Davon zeigt sich die grüne EU-Abgeordnete Viola von Cramon überzeugt: "Wir sind aus den Erfahrungen des Zweiten Weltkriegs auf Kooperation, Ausgleich, auf Integration und Softpower, auf wirtschaftlichen Wohlstand und kulturelle Vielfalt ausgerichtet", sagt sie im Gespräch mit dem STANDARD. Mit der Erweiterungspolitik sei versucht worden, den Rüstungshaushalt kleinzuhalten. "Das war der Deal."

Wladimir Putins Krieg stelle das infrage, ändere die Lage grundlegend. "Wir müssen Russland fürchten, viel mehr als die Menschen auf der anderen Seite des Atlantiks." Deshalb müssten die Europäer sich kümmern. Konkret heiße das, dass "wir klare Signale brauchen, dass wir bereit sind, für den Sieg der Ukraine militärisch alles zu liefern, was wir haben. Das muss schneller gehen." Allein schon "wegen der geografischen Nähe dürfe man nicht immer darauf schielen, ob die Amerikaner das Gleiche machen. Wir müssen mehr tun."

Warnerin mit Habeck

Die deutsche Mandatarin gehört im EU-Parlament der Fraktion der Grünen an. Sie war bereits vor mehr als einem Jahr eine der wenigen Politikerinnen in Europa, die vor dem Angriff eindringlich gewarnt haben. Und sie zählte 2021 zu jenen, die den heutigen Vizekanzler Robert Habeck vor Bildung der rot-grün-gelben Regierung bei einer Reise in die Ukraine begleiteten und dessen Sympathie für Waffenlieferungen an Kiew im Kriegsfall unterstützten.
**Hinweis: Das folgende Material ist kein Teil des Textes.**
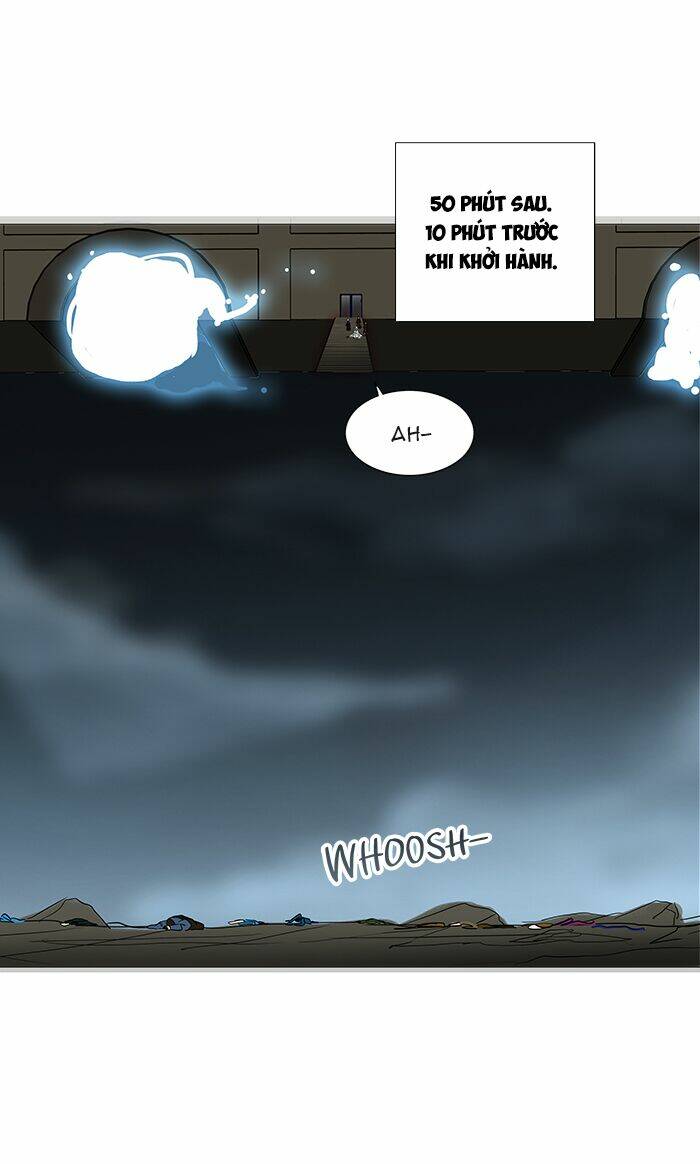 cuộc chiến trong tòa tháp chapter 242 46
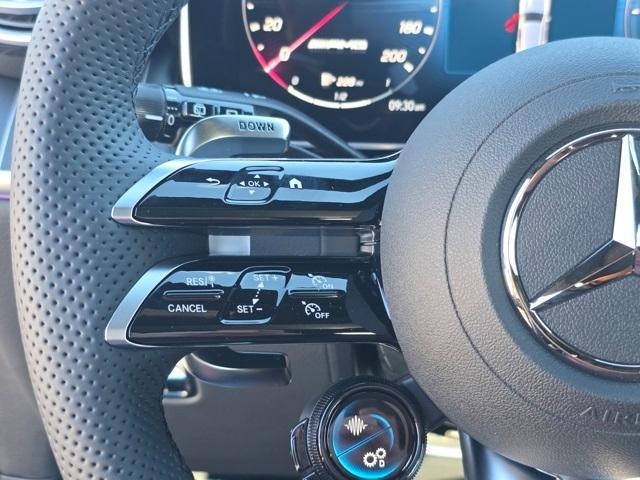 new 2026 Mercedes-Benz S-Class car, priced at $97,630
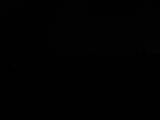 22 : 16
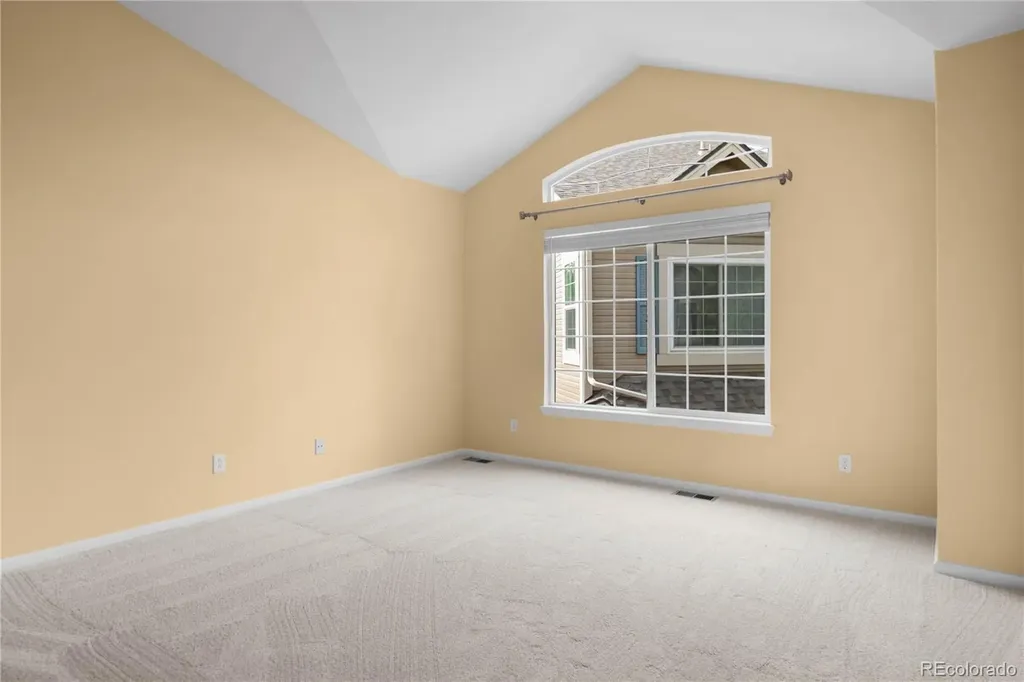 5555 E Briarwood Avenue Centennial CO 80122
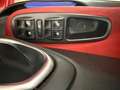 Fiat 500L 1.4 95 CV Lounge Rot - thumbnail 5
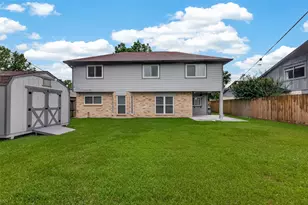 12110 Essenbruk Dr, Houston, TX 77066 - Photo 39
Damals umstritten, sieht sie sich bestätigt. Viele hätten die Alarmzeichen nicht erkennen wollen, waren "friedensverwöhnt, wollten sich an den Gedanken an Krieg nicht gewöhnen". Für sie sei deutlich gewesen, dass Putin es ernst meine: "Man baut nicht eine gesamte militärische Infrastruktur samt Krankenhäusern auf, um ein Training abzuhalten." Zudem habe es den Krieg im Osten der Ukraine seit 2014 gegeben.

Die studierte Agrarökonomin sitzt in Straßburg im Assoziierungsausschuss EU-Ukraine. In Russland wie in der Ukraine arbeitete sie in den 1990er-Jahren an Agrarprojekten. "Russland hat die Verarbeitung seiner Geschichte nie durchgemacht", sagt sie. Trotz Perestroika und der Veränderungen nach dem Zusammenbruch der Sowjetunion "hat das imperiale Denken nie aufgehört, wurde auch ausgelebt". In der Ukraine sei die Stimmung anders gewesen: "Es war eine einladendere Gesellschaft, die Menschen waren zugänglich, wollten etwas ändern, alles neu aufstellen."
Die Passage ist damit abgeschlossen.